Every year on Christmas Eve my husband’s extended family gathers in their Grandparents front room to read The Christmas Story from Luke 2. Gathering in the front room is unique because we are only allowed in the front room on one day a year - the night Christ was born. Smells of Christmas dinner are strong throughout the house while cousins gather at the feet of Papa. Papa carefully and thoughtfully selects someone to read the Christmas story from the special edition Bible we can only touch on Christmas Eve. It is the highest honor you can get in the family to be asked to read the Christmas Story aloud to the family.
Two years ago (when I was pregnant with baby #1) Papa called on me because he said I reminded him of Mary that year. I remember standing up and walking over to sit by Papa. The phrase “great with child” had never felt more real than it had at that moment with every eye on me. I picked up the 10-pound gold-leaf Bible and placed it on my lap and began reading. As I read I couldn’t help but think of Mary and all the concerns she must have had at that time.
But did I deserve to be compared to Mary that night? The comparison was profound to me. It would seem that I should have been filled for a moment with pride considering that my job carrying this unborn child was a high compliment.

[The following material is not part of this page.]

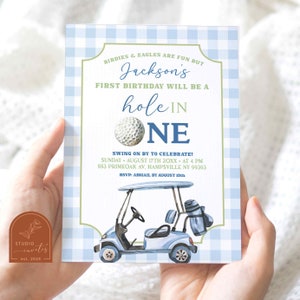 Blue preppy hole in one boy birthday invitation, editable boy golf first birthday party, blue checkered golf cart 1st birthday invite C42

Yet, almost immediately, I felt a rushing wave of guilt.
I cowered from the comparison. How many times had I commented out loud, under my breath, to my spouse, or simply in my mind about the list of things that I had done to make this pregnancy successful? I wanted, for a small moment, for my husband to recognize and be grateful. It shouldn't seem wrong to desire my husband to be grateful; however, in that moment of clarity, I realized I was negatively dwelling on my feelings - wanting to invite him into my 'pity-party.'
This compassion awoke in me a new concept: carrying the baby happily, not begrudgingly. Sure, I was grateful to be pregnant, but was I acting like it? I realized in that moment that it was more important to me to have my spouse know how hard the pregnancy was on me, than for me to truly appreciate the pregnancy.

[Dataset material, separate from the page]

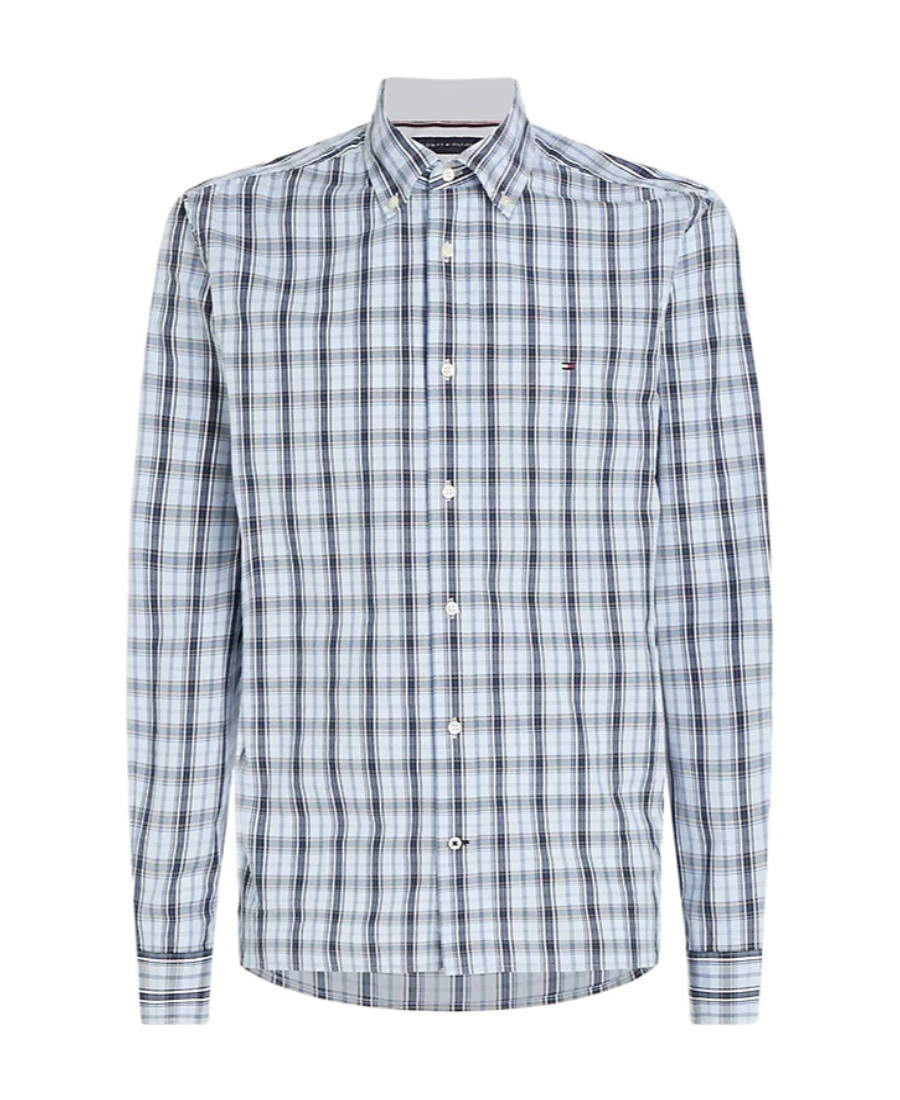 Tommy Hilfiger Lapel Long-sleeved Shirt In Blue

But how would Christ handle the situation? Not for praise. Not for recognition. Not for a hug, or a foot massage or even a 'thank you.'
I should carry this unborn child happily because that's how He would. With a perfect love.
All that Christ did - all that he stood for and accomplished - was for us, to help us set our eyes ultimately on Heavenly Father. He always pointed the glory, honor, and praise back to His Father, never asking or accepting credit from anyone because it was never about Him.
I don’t know a single person that honestly likes being pregnant. Regardless, my job during this pregnancy (and always) is to point my actions to the Savior, who will then point them to The Father. It isn’t about what I’ve done for anyone, it's about what heart I do it with.
When I show my spouse or those around me who He is through my actions and my heart, then, and only then, can I consider myself to be like Mary being “great with child” who pointed her actions to Christ, who pointed His actions to Heavenly Father.
This Christmas season let us try and not focus on how inconvenienced we are with the hustle and bustle of our never ending to-do list, but instead check-in with the intentions of our heart and make certain they are centered on Him.